GIVEN DATA: Begin

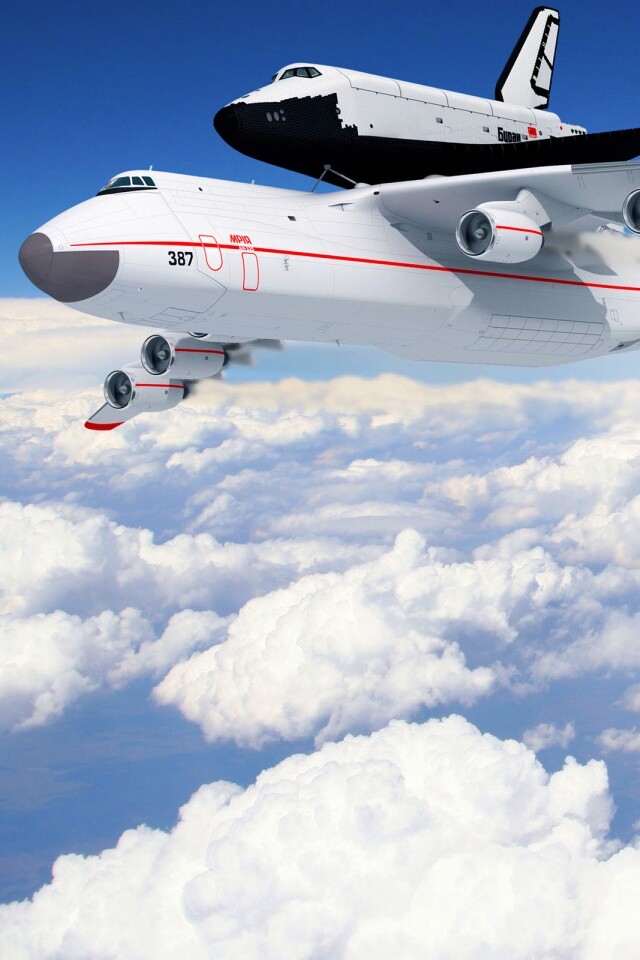 Авиатранспортировка Бурана обои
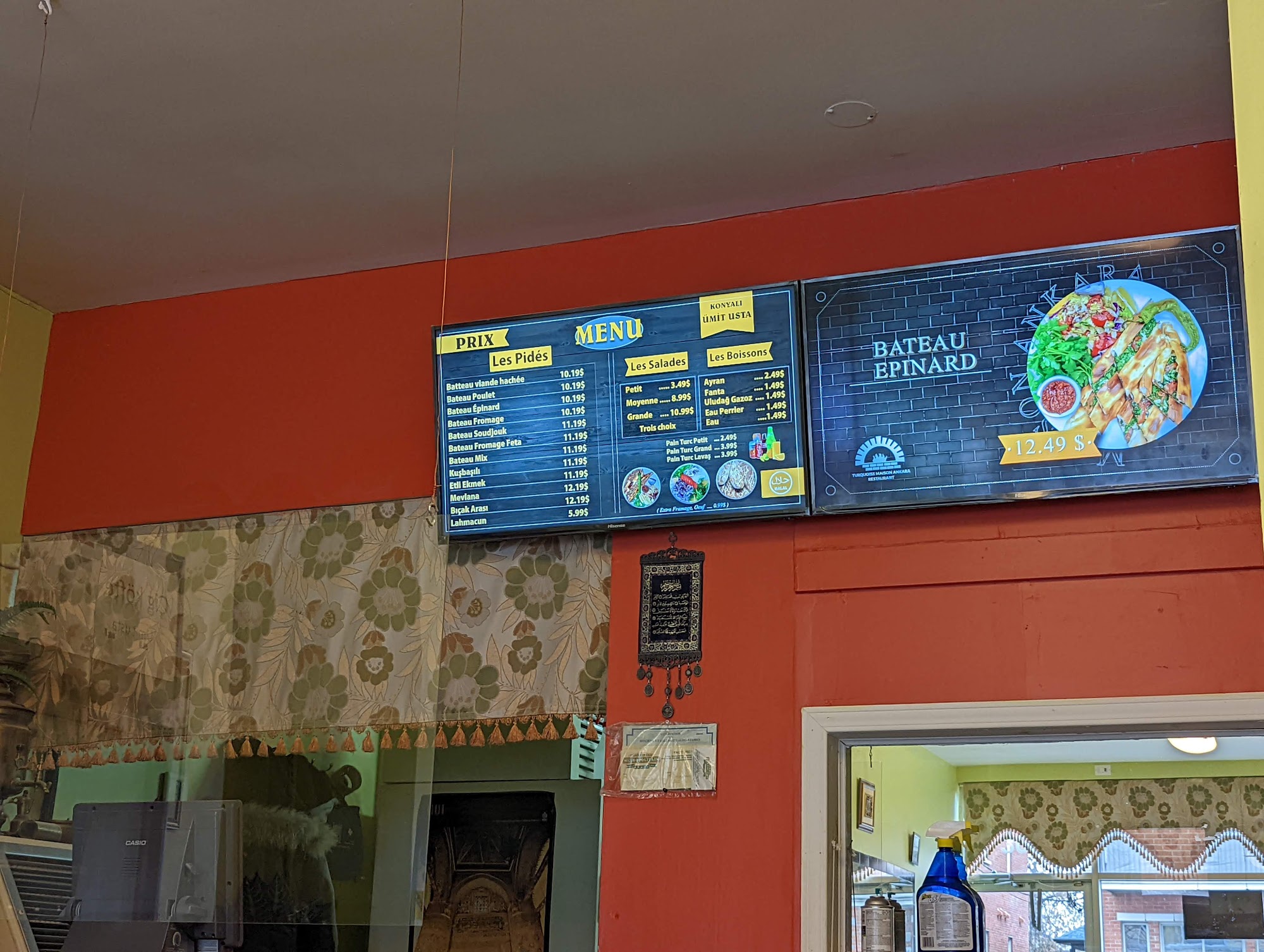 Turquoise Maison Ankara Menu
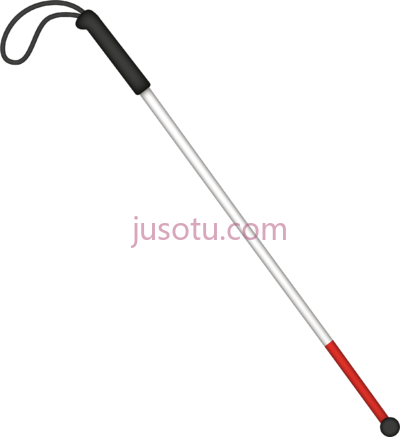盲人手杖,blind walking stick PNG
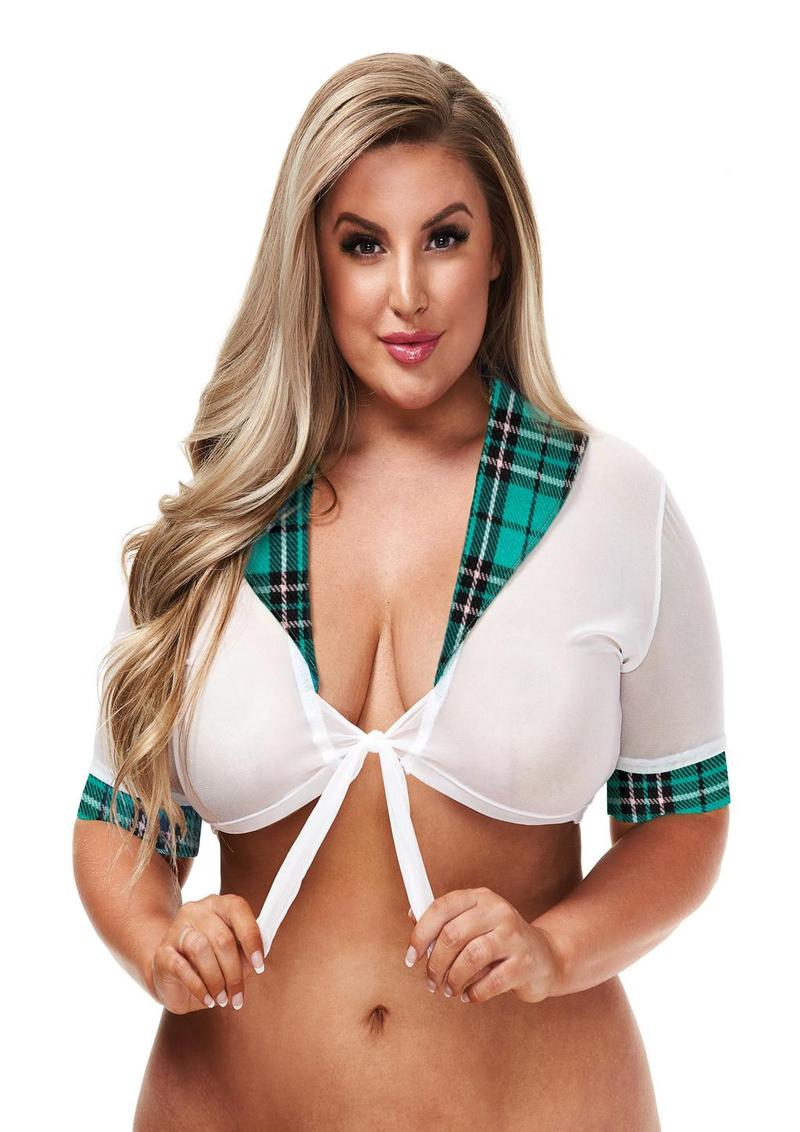 Teacher's Pet Schoolgirl Top - Image 4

GIVEN DATA: End

EXERCISE INSTRUCTIONS: From the line containing "盲人手杖,blind walking stick PNG" to the last line of the listing above, transcribe each line exactly, skipping the pictures.

ANSWER SPACE:
盲人手杖,blind walking stick PNG
 Teacher's Pet Schoolgirl Top - Image 4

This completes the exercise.